(Excerpted data)

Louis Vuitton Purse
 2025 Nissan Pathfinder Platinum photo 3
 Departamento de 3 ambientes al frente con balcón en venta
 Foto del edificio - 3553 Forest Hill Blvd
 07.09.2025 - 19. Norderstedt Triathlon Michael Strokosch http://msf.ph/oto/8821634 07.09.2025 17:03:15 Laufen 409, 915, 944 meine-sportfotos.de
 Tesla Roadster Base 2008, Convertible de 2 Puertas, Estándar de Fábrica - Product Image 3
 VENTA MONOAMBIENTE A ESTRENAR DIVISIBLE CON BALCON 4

(End Excerpted data)

Repeat each entry above, matching every line exactly.

--- Solution below ---
Louis Vuitton Purse
 2025 Nissan Pathfinder Platinum photo 3
 Departamento de 3 ambientes al frente con balcón en venta
 Foto del edificio - 3553 Forest Hill Blvd
 07.09.2025 - 19. Norderstedt Triathlon Michael Strokosch http://msf.ph/oto/8821634 07.09.2025 17:03:15 Laufen 409, 915, 944 meine-sportfotos.de
 Tesla Roadster Base 2008, Convertible de 2 Puertas, Estándar de Fábrica - Product Image 3
 VENTA MONOAMBIENTE A ESTRENAR DIVISIBLE CON BALCON 4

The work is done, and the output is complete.